The units of recruitment and SOI are unclear.
The project specification required use of a project template that uses the Python engine. This project uses the R engine. That is not critical for scientific validity, since the core concepts are language independent. Howver, it does decrease the relevance of this project to the STATS 531 W26 class, which is taught in Python, and therefore less well written for the target audience. Specifically, it avoids discussion or demonstration of technical issues specific to time series analysis in Python that were studied in class. This will be graded as a violation of the template.
Fig 3. The PACF shows slower decay after differencing, not quicker decay as reported.
Sec 4.1. “An augmented Dickey–Fuller test confirms stationarity (p < 0.01).” ADF is a test for a unit root in a linear Gaussian time series model against the alnative of a linear Gaussian time series model with no root. It is not a general test for stationarity.
Sec 4.2. AIC is not directly comparable between levels of differencing. Discussing it in the context of selecting $d$ and $D$ is an error.
Section 4.3: The Ljung-Box test does not add much to the analysis. As discussed in class, if you select a model with good AIC, it almost always has satisfactory L-B because they measure very similar things. Similarly, they will miss similar things.

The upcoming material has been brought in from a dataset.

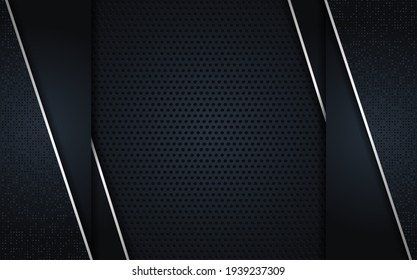 Abstract Dark Grey and Metallic Lines with Overlap Textured Background Design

Sec 5. The AIC here is comparable to the undifferenced SARIMA AIC (-146). Here, you don’t have seasonality. So, seasonality is more important than SOI? You could include both.
Sec 5. In the univariate modeling section, the authors find that the log recruitment series requires both first order and seasonal differencing to achieve stationarity. Yet, in the subsequent regression section, they model the exact same log recruitment series using a stationary ARMA error structure without any differencing. This is a technical contradiction. If the univariate series truly possesses a stochastic trend requiring differencing, the regression model must also account for that nonstationary behavior.

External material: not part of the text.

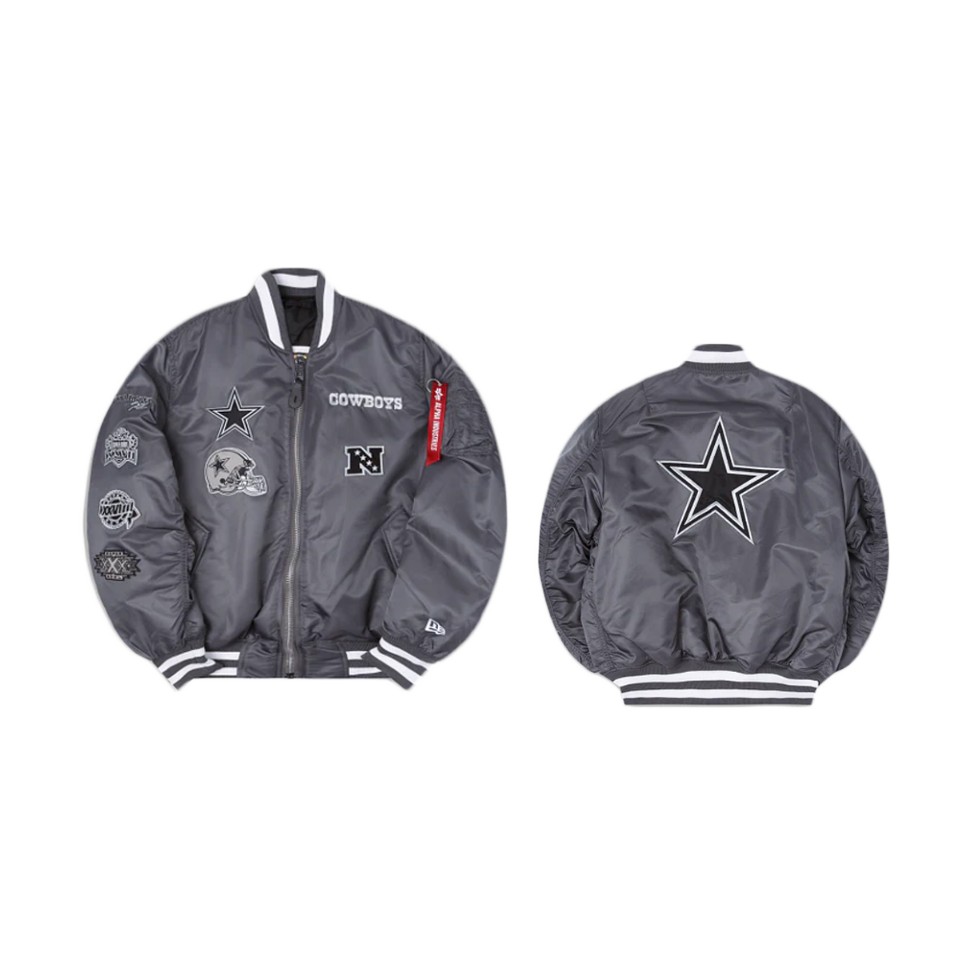 cowboys gray alpha industries ma 1 bomber jacket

The discussion of the limitations of regression with ARMA errors is well supported.
Fig 7 shows heavy left tails on the log scale, and we are not shown the distribution on the natural scale. The log scale is quite natural here, but it is not carefully checked and there are some signs it may behave poorly.

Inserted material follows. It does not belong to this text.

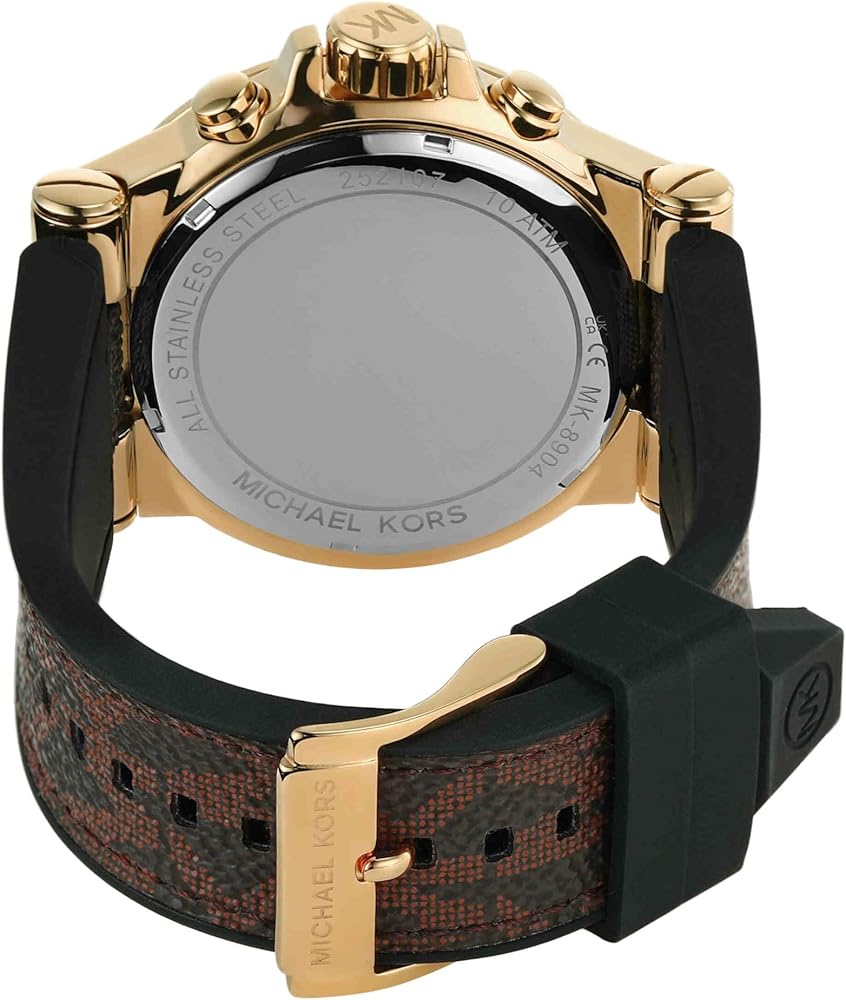  Shop Authentic Michael Kors Dylan Chronograph Black Dial Brown Rubber Strap Watch For Men - MK8904 - Luxxuri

Supplementary Fig 10 is shown but not referenced in the main text.
The results in Table 3 (Supplement) were described in the report, and an in-text reference would have been helpful to connect it with the description.
If you compute a raw CCF on any strongly autocorrelated series and then use peaks to motivate a lagged regression, that is potentially problematic unless you prewhiten it beforehand. Without prewhitening, CCF structure can reflect internal persistence and seasonality rather than any meaningful relationships. This point goes beyond what was discussed in class.
Section 1.1: The authors reference covariate regression from W24 project on Detroit precipitation and a peer review comment on lagged effects from the project. After a quick read, I do not observe covariate analysis or any comments on lagged effects in the peer review for this W24 project. It is possible that the reference was supposed to be for the W25 Lake Malawi water level project.
Section 1: A reference for SOI would have been helpful for the reader.
Define acronyms and abbreviations before using (e.g. ENSO, Section 3; similarly, it was unclear that TMB was a reference to an R package).
Section 4.1: Stating that the ADF test confirms stationarity is a bit strong. More precisely, the results “reject the null hypothesis of a time-homogeneous linear process with a unit root.”
This project re-analyzes a time series that is studied extensively in one of the course textbooks. That makes it quite hard to convince the reader that all the analysis and interpretations are independent of the course textbook. Perhaps this was not a good choice of dataset?
The overall conclusion is a negative finding - the role of SOI is unclear from this analysis. Since SOI is generally considered a major ecological phenomenon in the south pacific, that failure might likely be a shortcoming of the model rather than a scientific discovery. The authors show some understanding of this, but could the relationship be found in the context of a different specification of a regression with ARMA errors?